Several years ago, I made a trip to Singapore. My perception of the city was that it was a giant shopping mall. The retailers there are hard working and diligent. They start a little later in the day than western retailers, as most shops don’t open till 10ish. They have an interesting superstition that they must make a sale to the first customer into their shop. That sets the pattern of good fortune for the day.

The most interesting thing about bargaining there was how they dealt with customers. They would always greet you and show you whatever you needed to see. Then they moved you expeditiously into the negotiation stage of how much of what at what price. They would haggle and when you made an offer, they would go to their calculator to see if the bottom line on the deal was a positive one and if it was positive enough to close the deal. By positive I mean that they made sure that they made a profit. Then they would come back with a yes or a counter offer that allowed them enough profit to make their efforts worthwhile.

In Mexico making a deal is a social thing and the haggling process is lengthy and punctuated with teasing, joking and heated discussion. In Italy and other Mediterranean countries, the making of a deal can start out in the morning and continue all day. You will break off your discussions and pick them up the next day. The western way would be to pick up the negotiations where you left off and move forward from there. Mediterranean negotiations restart from the very beginning and you do not necessarily get as far the second day as you did the first.

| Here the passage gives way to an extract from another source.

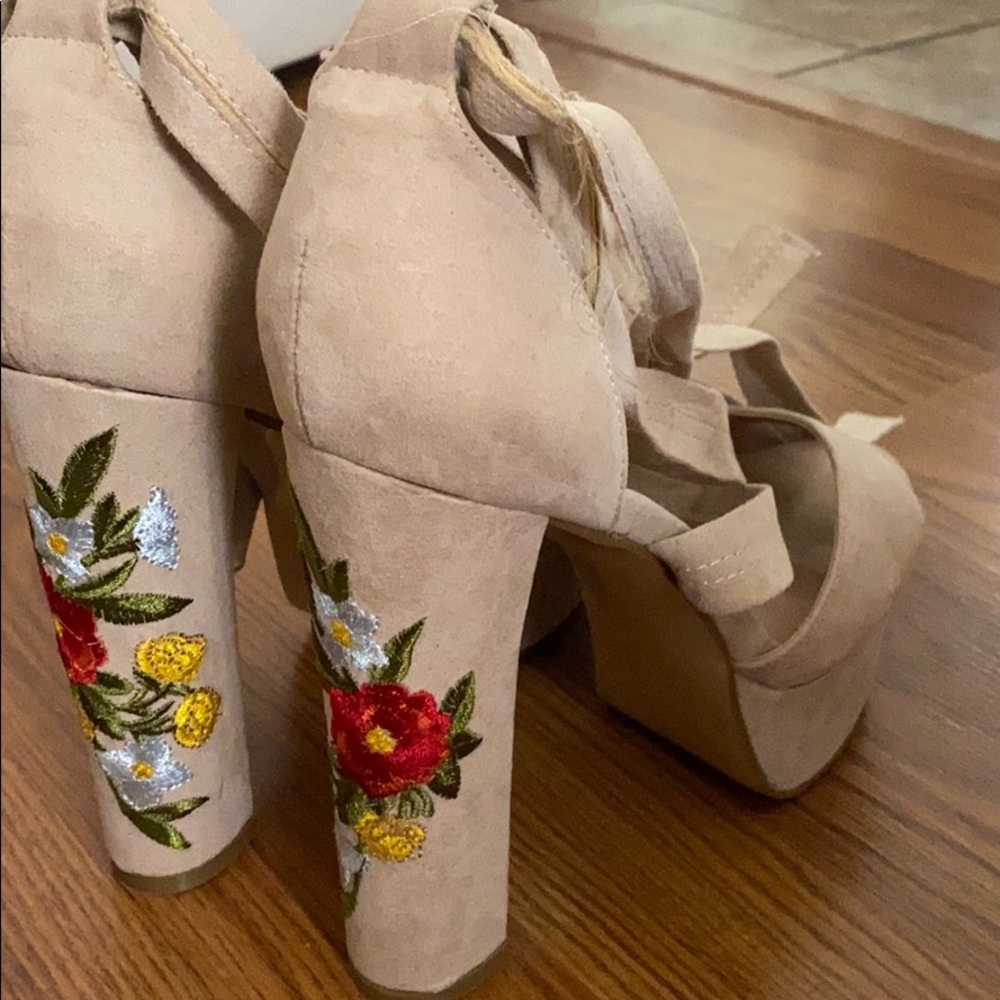 Platform heels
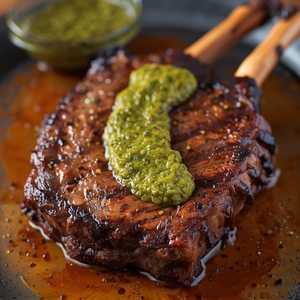 Grilled Bone-In Short Rib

I liked Singapore because I found the retailers cut to the chase very quickly. If you were skilful they were willing to back off of their first price quite quickly. However, once they got to the point where their calculations told them that there was not enough profit and you did not seem like you were going to move your offer, they would just walk away to another part of their store and ignore you by fixing a display or filling shelves. They stayed within earshot so that if you reconsidered and offered them a deal that was worthwhile, they could respond to you immediately. If there were other customers in their store, they would quickly abandon you and move onto serving one of them. The attitude was quickly apparent that if you would not let them make money from their business interaction with you, why talk to you? After all, they are in business to make money. If the other prospective customer in their store would make a deal that was profitable why would he waste any more time on you, the one who wouldn’t allow him to make profit? Even if the store was otherwise empty, any retailer knows that a store can go from quiet to buzzing with customers in less than a minute. Shoppers can be like drunks passing a party. They just have to see some action and they are drawn to it. With this strategy, the Singapore retailer is ready when that happens and not tied up with a customer that has no intention of letting him make a profitable sale.

Research and Analysis

When making a deal, if you do not do your homework you are going to get your butt kicked. By getting your butt kicked I mean you are going to give away a lot of that 2-cent take home pay. If you are buying small items you may give away a few cents or a few dollars per item. The piggy bank example back in “Savings” shows that this adds up over a lifetime. When you are buying big-ticket items like your car or your house, you can get your pocket picked for thousands and thousands of dollars. You can end up working extra years to pay for your house and car(s).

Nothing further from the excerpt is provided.